The embodiment of the invention performs special processing on the last constraint. That is, the constraint is a capacity constraint corresponding to a general vehicle path problem, but in the offline distribution process inside the actual building, it is found that since the distribution items are generally small and the maximum carrying capacity of the distributor is very flexible, if an upper limit is formulated, certain benefits may be lost. Therefore, in the embodiment of the present invention, a penalty coefficient is designed to convert the constraint into a penalty term in the objective function.
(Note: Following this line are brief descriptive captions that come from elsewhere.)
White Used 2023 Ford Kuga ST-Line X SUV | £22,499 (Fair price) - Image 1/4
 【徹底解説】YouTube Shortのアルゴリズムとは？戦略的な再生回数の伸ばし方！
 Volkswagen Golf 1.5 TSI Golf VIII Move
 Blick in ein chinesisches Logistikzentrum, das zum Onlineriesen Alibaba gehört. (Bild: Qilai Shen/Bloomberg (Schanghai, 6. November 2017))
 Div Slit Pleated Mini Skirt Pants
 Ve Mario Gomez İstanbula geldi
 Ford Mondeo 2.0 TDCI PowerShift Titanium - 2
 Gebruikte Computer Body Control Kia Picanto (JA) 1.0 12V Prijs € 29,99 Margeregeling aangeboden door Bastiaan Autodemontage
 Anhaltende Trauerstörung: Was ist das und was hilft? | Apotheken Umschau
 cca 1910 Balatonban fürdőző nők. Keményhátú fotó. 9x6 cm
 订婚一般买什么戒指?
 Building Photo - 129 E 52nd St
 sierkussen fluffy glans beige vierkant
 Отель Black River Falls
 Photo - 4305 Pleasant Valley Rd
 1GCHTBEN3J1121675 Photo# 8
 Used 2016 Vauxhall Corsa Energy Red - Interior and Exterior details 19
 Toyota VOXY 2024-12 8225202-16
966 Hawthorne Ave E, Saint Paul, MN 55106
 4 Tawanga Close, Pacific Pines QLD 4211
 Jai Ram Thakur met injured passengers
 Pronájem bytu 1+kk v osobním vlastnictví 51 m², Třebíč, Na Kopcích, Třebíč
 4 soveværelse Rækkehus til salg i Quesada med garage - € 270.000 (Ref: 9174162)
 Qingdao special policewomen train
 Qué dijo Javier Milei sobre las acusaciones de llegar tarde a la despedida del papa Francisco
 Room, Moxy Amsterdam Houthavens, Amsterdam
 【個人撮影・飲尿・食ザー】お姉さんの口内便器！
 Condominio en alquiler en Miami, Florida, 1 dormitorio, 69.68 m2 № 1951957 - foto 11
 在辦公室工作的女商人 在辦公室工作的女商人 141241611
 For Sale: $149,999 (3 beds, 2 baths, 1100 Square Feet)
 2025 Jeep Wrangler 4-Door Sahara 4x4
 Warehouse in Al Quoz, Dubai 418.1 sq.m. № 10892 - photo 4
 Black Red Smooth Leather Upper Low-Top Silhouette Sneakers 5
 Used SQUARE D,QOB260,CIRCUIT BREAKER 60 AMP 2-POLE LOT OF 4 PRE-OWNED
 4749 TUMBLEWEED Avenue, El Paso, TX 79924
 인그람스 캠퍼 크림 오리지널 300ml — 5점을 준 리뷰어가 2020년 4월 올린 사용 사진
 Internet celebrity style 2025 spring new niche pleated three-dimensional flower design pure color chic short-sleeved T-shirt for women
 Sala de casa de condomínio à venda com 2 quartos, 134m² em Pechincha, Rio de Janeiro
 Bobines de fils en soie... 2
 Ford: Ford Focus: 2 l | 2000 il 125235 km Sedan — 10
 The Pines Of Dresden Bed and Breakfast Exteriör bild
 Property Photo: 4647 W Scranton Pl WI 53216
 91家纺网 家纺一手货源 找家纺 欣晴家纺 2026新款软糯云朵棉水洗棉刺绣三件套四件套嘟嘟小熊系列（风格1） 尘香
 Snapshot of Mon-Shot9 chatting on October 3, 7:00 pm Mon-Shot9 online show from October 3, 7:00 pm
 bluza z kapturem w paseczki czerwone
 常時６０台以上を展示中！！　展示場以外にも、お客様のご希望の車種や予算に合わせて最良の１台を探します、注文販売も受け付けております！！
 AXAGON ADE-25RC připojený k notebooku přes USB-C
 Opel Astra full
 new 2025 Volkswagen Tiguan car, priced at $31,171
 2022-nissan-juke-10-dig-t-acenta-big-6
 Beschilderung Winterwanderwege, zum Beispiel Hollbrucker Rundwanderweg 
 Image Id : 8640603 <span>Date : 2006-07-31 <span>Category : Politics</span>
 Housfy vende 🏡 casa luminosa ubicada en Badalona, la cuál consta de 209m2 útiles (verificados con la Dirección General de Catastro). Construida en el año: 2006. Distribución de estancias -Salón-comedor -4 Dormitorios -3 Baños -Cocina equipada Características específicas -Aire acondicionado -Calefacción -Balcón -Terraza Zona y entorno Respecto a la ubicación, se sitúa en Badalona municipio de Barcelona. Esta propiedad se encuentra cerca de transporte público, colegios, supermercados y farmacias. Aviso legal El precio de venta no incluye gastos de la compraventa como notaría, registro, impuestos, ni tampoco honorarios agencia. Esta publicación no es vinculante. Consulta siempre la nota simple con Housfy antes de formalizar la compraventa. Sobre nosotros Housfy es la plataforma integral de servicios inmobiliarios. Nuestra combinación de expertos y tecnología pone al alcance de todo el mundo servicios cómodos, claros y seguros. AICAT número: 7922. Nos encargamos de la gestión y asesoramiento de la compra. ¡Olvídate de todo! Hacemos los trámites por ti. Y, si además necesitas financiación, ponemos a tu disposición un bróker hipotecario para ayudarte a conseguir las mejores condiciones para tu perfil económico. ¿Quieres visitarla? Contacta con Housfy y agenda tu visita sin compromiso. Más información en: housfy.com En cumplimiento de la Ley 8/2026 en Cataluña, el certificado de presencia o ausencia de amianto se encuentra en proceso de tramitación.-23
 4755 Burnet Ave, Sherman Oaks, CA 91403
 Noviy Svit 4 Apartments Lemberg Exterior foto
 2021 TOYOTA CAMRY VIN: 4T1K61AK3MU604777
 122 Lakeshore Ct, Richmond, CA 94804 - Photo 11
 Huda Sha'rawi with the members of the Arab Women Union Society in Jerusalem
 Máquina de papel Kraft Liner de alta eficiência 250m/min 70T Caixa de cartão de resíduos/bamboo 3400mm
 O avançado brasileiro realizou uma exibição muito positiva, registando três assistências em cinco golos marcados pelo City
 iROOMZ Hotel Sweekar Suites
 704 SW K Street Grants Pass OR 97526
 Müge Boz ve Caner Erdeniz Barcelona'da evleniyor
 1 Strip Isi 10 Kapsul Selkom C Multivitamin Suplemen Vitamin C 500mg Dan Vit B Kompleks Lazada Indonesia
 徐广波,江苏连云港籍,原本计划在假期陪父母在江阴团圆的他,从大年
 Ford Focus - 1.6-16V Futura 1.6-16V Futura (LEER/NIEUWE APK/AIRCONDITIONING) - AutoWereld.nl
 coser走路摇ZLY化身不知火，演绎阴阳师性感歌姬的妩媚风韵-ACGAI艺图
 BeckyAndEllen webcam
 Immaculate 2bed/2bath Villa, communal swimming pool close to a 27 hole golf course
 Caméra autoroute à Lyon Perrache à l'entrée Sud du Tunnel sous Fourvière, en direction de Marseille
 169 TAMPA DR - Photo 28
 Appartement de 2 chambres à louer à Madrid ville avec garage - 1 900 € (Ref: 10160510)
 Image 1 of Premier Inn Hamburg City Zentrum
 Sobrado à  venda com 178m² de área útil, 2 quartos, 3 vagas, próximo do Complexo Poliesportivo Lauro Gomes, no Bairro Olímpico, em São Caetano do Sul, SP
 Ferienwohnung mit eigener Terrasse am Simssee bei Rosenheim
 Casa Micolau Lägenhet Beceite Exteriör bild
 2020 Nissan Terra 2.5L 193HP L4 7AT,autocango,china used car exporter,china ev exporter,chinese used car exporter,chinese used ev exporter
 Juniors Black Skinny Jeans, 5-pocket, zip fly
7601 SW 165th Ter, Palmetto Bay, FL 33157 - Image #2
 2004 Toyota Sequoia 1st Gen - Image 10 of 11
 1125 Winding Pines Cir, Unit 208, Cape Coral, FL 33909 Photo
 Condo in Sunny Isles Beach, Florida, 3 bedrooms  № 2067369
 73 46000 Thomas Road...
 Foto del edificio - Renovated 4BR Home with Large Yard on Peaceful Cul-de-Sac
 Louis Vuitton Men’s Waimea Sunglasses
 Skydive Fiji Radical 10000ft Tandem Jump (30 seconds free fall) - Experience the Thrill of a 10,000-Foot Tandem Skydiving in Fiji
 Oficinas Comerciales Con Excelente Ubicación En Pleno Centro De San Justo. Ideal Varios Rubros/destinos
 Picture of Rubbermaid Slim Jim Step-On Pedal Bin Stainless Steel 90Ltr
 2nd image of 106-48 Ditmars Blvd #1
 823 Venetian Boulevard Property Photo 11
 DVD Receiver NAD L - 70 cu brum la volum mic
The specific penalty function is expressed as follows:
Figure GDA0002703995890000062
wherein C is the number of delivered commodities actually carried by the delivery personnel, CmAnd e is a penalty coefficient for the maximum number of commodities which can be carried by the distribution personnel.
In step S104, a distribution path optimization model of the building is obtained, and an optimal route is solved through a two-stage algorithm and a Tabu Search algorithm, so as to provide a current optimal distribution route for distribution personnel.
It can be understood that the embodiment of the invention can obtain a distribution path optimization model of the building and combine a two-stage algorithm and a Tabu Search algorithm (TS) to solve the optimal route.
Specifically, firstly, it is assumed that all orders can be delivered through a route (it can be understood that a path optimization problem of single delivery personnel in a vertical building is solved by using a Tabu Search algorithm), secondly, the route is split in consideration of certain constraints (for example, the number of commodities carried by the delivery personnel has a certain limit, and the like), the quantity of the delivery personnel and the delivery quantity limit of the delivery personnel are balanced comprehensively (when the quantity of the delivery personnel is large, the commodities which are delivered by each delivery personnel are reduced, and the delivery quantity limit of the delivery personnel can be met more easily, but fixed cost is increased; and vice versa), and finally, a satisfactory delivery scheme is obtained.
The specific algorithm logic and steps are as follows:
the first step is as follows: generating an initial solution and an initial empty tabu table;
the second step is that: judging whether the algorithm is terminated, if so, turning to the sixth step; if not, turning to the next step;
the third step: calculating the neighborhood of the current solution, and selecting a candidate solution from the neighborhood;
the fourth step: judging whether the optimal solution in the current candidate solutions meets the scofflaw principle, if so, re-entering the taboo list, updating the current solution and the current optimal solution, and turning to the second step; if not, turning to the next step;
the fifth step: judging whether the optimal solution in the current candidate solution accords with a tabu principle, if so, judging whether the suboptimal solution in the candidate solution is judged and judging again, and so on; if the solution does not conform to the tabu principle, updating the current solution, entering a tabu table by the solution, and turning to the second step;
and a sixth step: and finishing the algorithm and outputting the optimal solution.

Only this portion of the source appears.